Instructors: Brooks Fredrickson and Cade Bourne
Tue, Thu 10am–12:30pm
Cross-listed: HISTORY 190S-03

Electronic Dance Music Culture (EDMC) is a convergence of multiple histories and imagined futures, technology and transcendence, liberation and globalization. EDMC’s contemporary moment of global influence has only been made possible by histories of experimentation, innovation, and determination. This course will chart the historical development of EDMC from its origins in the pioneering work of early avant-garde electronic music composers beginning in Paris in the 1920’s and proceeding through to the 7.3 Billion dollar global industry that it is today. Each thematic section will foreground the socio-historical dimensions in the development of sound and technology. Additionally, each section will include a practicum where students will be exposed to the form and function of industry standard softwares (Ableton, Logic, Max MSP, Sonic Pi, Serato). Students will leave the course with a multi-dimensional understanding of the histories, cultural implications and technical developments of major themes of electronic and electronic dance music. This course is co-taught by composer and artist Brooks Fredrickson and Cade Bourne, an ethnomusicologist specializing in global EDMC with over twenty years of experience as a professional DJ, Producer, and Event Promoter.

Summer Session 1

Session 1 runs from May 13 thru June 25.

Art, Art History & Visual Studies

ARTHIST 205-01: The Aegean Bronze Age

Instructor: K. Jazwa
TU+TH 11:00 AM-12:00 PM
CCI, ALP, CZ; Crosslist: CLST 352-01
Survey of Greek prehistory, from the final Neolithic to the end of the era in ca. 1200 BCE. Issues to be considered include the historicity of the Trojan War, the relationship of this period to later Greek history and cultural identity.

ARTSVIS 198-01M: Experimental Interface Design

Instructor: W. Seaman
M TU W TH F 4:00 PM-5:15 PM; Online course
STS, ALP; Crosslist: VMS 198-01M, AMI 190-01M, ISS 198-01M
Class explores issues surrounding embodied approaches to interface design. Articulates methodology for generating new forms of human/computer interface; includes workshops, discussions, student presentations, critiques and group brainstorming sessions. Content related to biomimetics; haptic body knowledge; multi-modal sensing; physical computing; physical | digital relationships; networked relations; the potentials of virtual space and different qualities of space, both visual and sonic. Database potentials discussed and explored in service of developing new approaches to interface. Instructor consent required.
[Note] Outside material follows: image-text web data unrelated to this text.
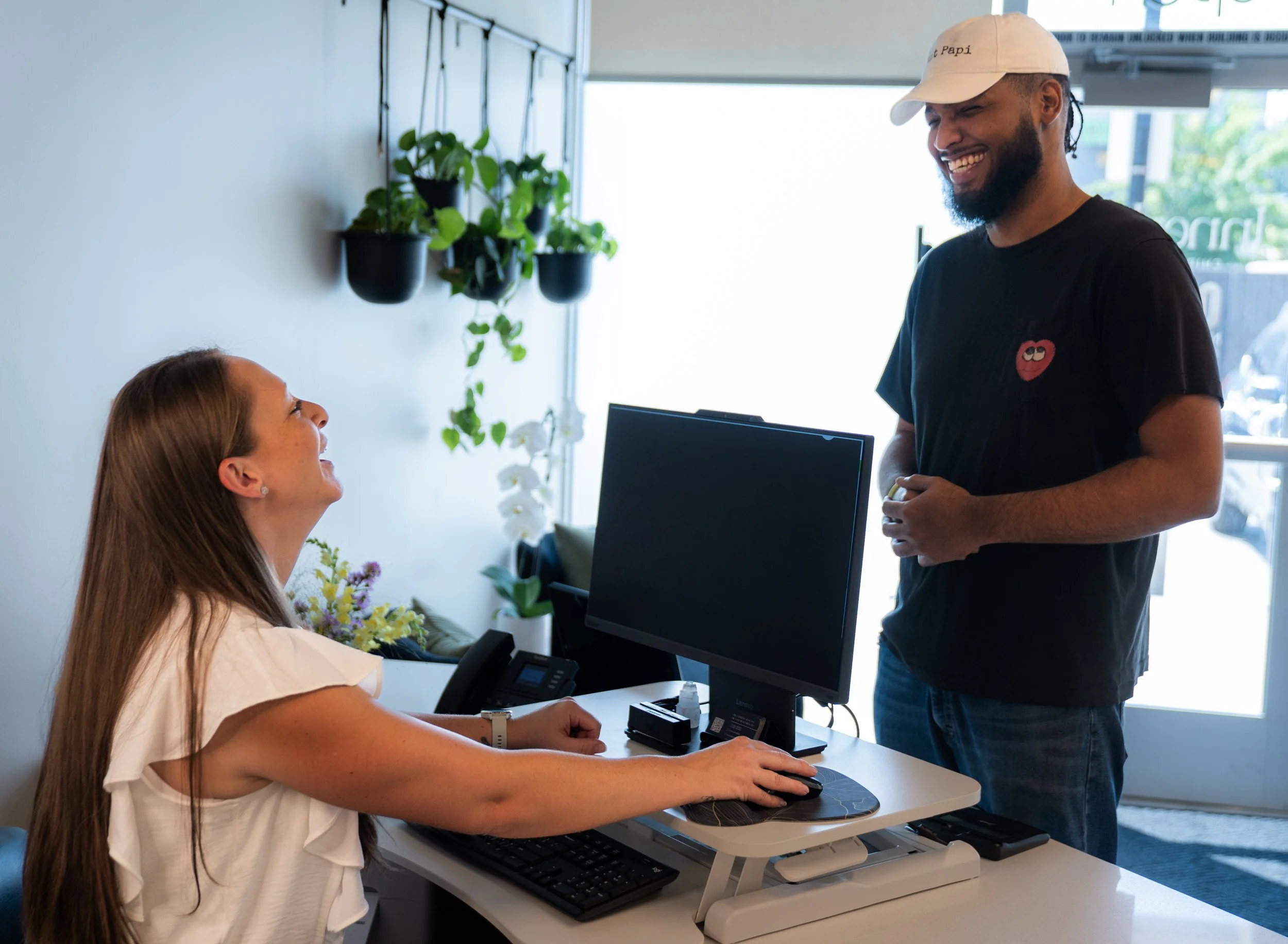 Patient checking in at the front desk of InnerLux Healing Collective in Denver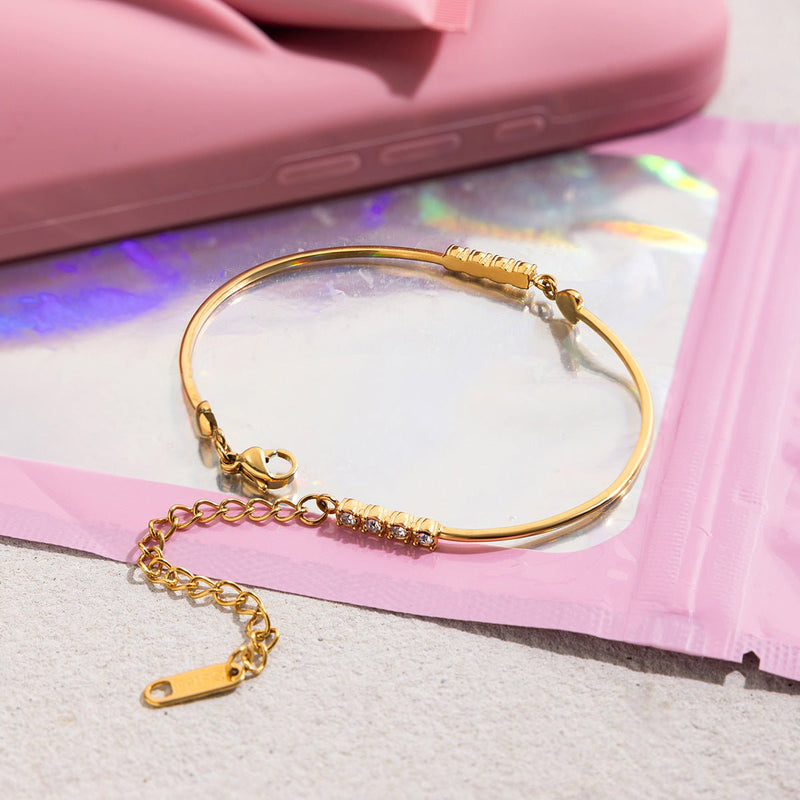 Bracelet jonc doré 18 carats fin avec cœur orné de zircons scintillants, fermoir mousqueton ajustable.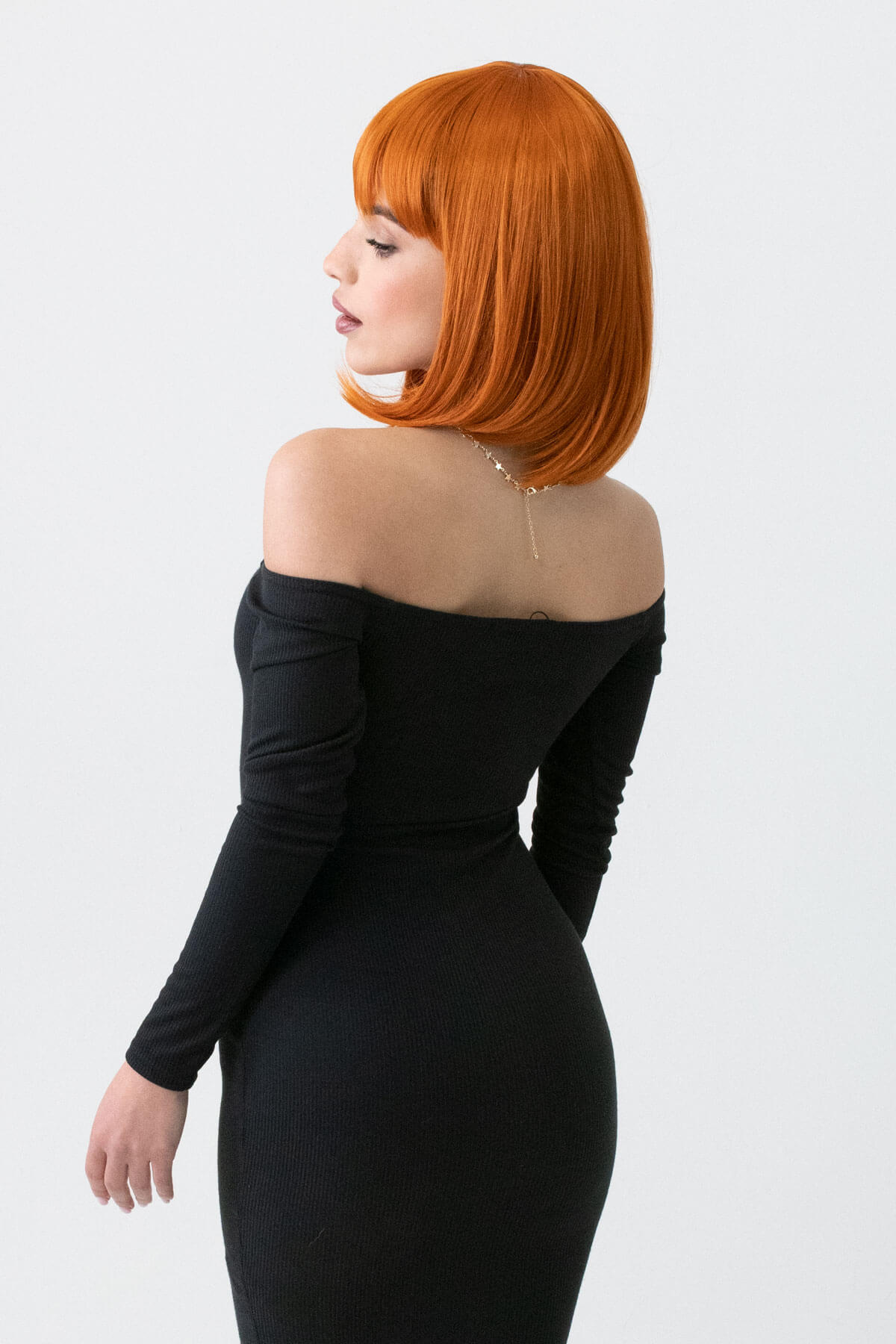 Woman with red hair wearing a black off-shoulder dress against a white background. Ginger bob wig, shoulder length: Ember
AMI 306S-01: Writing the Movie

Instructor: C. Russing
M TU TH 12:30 PM-2:35 PM; Online course
ALP; Crosslist: ENGLISH 225S-01
Theory and practice of the process of writing for the screen. Exploration of visual storytelling; analysis of screenplays and movies; developing original stories into screenplay format. Projects: writing and presenting treatments, outlines and scenes.

Music

Music 190S-01: Film, Concerts, Gaming: Gender

Mon Tue Thu 12:30–2:30
Instructor: Dayton Kinney
W, CCI, ALP, & CZ. Cross-listed: GSF 190S / SOCIOL 190S
Over the past century, there has been a dramatic increase in female composers with substantial careers. Within the U.S., several women have come to the forefront with distinct voices, including Amy Beach, Ruth Crawford Seeger, Joan Tower, Meredith Monk, Jennifer Higdon, Missy Mazzoli, and Caroline Shaw. Within the film and game industries, a handful of American women have begun rising through the ranks, establishing their own sound with films (Captain Marvel, The Shining, Dear John, A Clockwork Orange), and video games (God of War, Little Big Planet, Assassin’s Creed, Prince of Persia: Forgotten Sands). This course will focus on some of the major American female composers of the twentieth and twenty-first century. Students will explore the lives and works of several composers through selected readings, movies, and audio clips. Weekly discussions will include consideration of historical context and an in-depth look at topics such as harmony and form, style/genre, and orchestration. Students will also have the opportunity to discuss and debate additional topics, including accessibility, advocacy, feminism, gender, and performance practice. The course requires no prerequisites, no required textbooks, and all are welcome.